Back in January 2010 the Jackrabbit team starting asking its community what did it want to see in the next version of Jackrabbit. There were some themes in the responses. High(er) levels of write concurrency, millions of child nodes and cloud scale clustering with NoSQL backends. I voted for all of these.

I was reminded of this activity by the announcement of a Oak Hackathon, or rather an Oakathon that is being organised this September at the .adaptTo conference in Berlin. This Oakathon seems to be intended to get users upto speed on using Oak, which means that it might be ready for users to take a look. So I did. The code checks out, builds and passes all its integration tests. No surprises there from the Jackrabbit team.

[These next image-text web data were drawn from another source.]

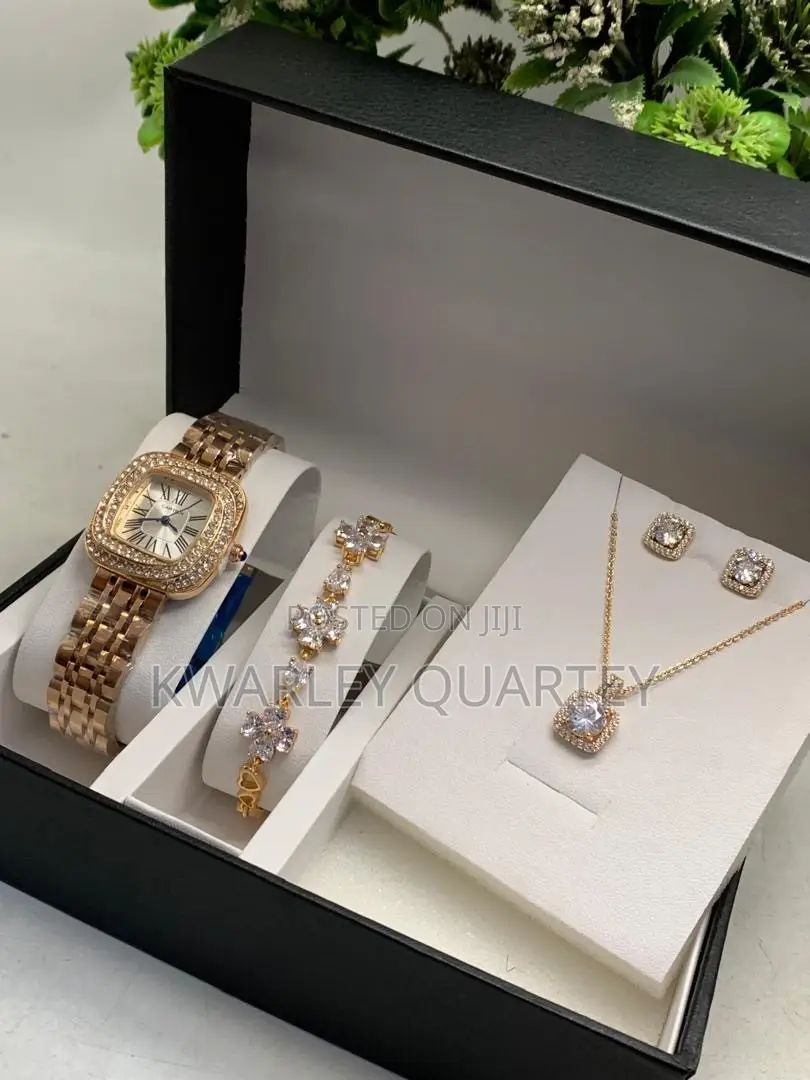 Ladies Jewelry Set
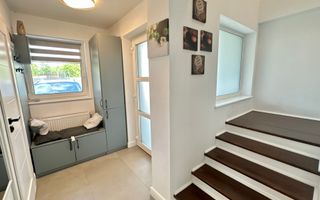 Casa la cheie, curte individuala, jaluzele electrice, aer conditionat - Poză 10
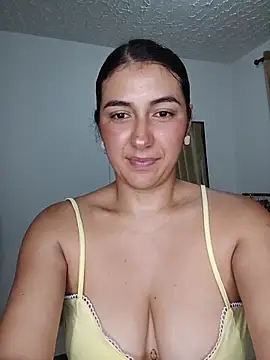 Snapshot of ViolettaWalton1 chatting on December 23, 2025, 3:37 am ViolettaWalton1 online show from December 23, 2025, 3:37 am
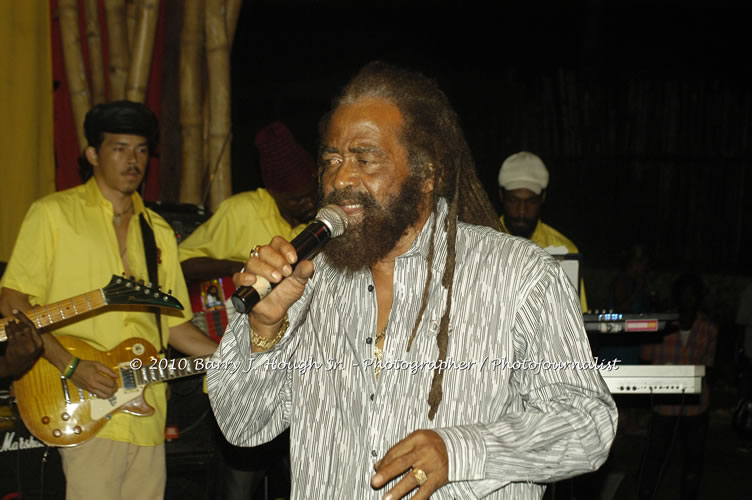 John Holt - Live in Concert - Also featuring Uprising Bank, plus DJ Gemini @ One Love Reggae Concerts Series 09/10 @ Negril Escape Resort & Spa, February 9, 2010, One Love Drive, West End, Negril, Westmoreland, Jamaica W.I. - Photographs by Net2Market.com - Barry J. Hough Sr, Photographer/Photojournalist - The Negril Travel Guide - Negril's and Jamaica's Number One Concert Photography Web Site with over 40,000 Jamaican Concert photographs Published -  Negril Travel Guide, Negril Jamaica WI - http://www.negriltravelguide.com - info@negriltravelguide.com...!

I am not going to pretend I understand the storage model being used or how it addresses the requirements that came out of Jackrabbit, but the Persistence implementation looks like it could be adapted to a sharded schema over many DB instances or even ontop of Cassandra. The storage model looks something like a git tree. It seems to solve the many child nodes issue that Sparse Map Content solved for OAE in a slightly different, but more efficient way by using a DAG structure with pointers to a child tree rather than a parent pointer. I won’t be able to tell if the concurrency issues that caused me to have to squeeze Sparse Map Content into the Sling repository API layers, without some testing, but the approach looks like it might. Certainly the aims of the Road map cover the needs of OAE and go beyond the scale and concurrency required.

Best of all, it already has a Sling Repository implemented, so it should be relatively easy to spin up Sling on Oak and run all the tests that caused OAE to move from Sling on Jackrabbit to Sling on a hybrid of SMC and Jackrabbit.